Restate the listing below word for word, pictures excluded.

Supplied material —
★ ★ ★ ★

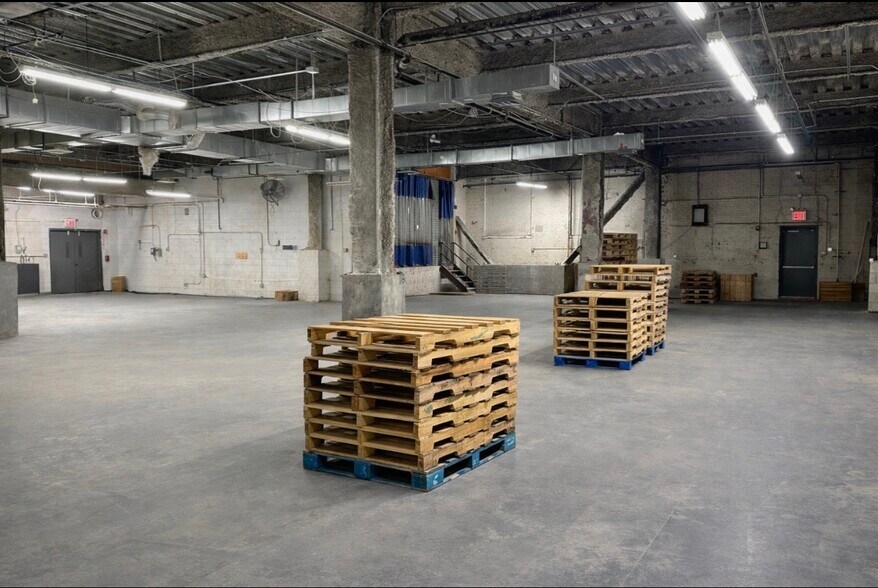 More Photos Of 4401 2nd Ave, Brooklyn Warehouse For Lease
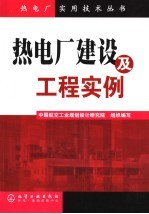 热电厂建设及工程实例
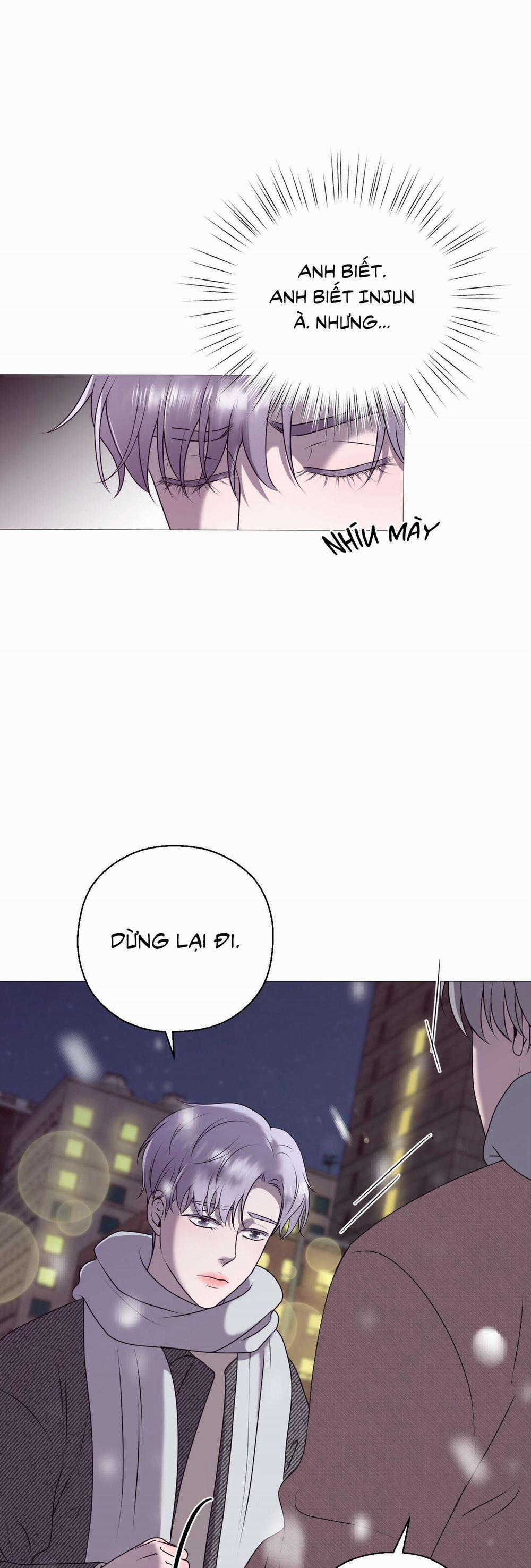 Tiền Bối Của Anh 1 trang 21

★ ★ ★ ★

Task answer —
 More Photos Of 4401 2nd Ave, Brooklyn Warehouse For Lease
 热电厂建设及工程实例
 Tiền Bối Của Anh 1 trang 21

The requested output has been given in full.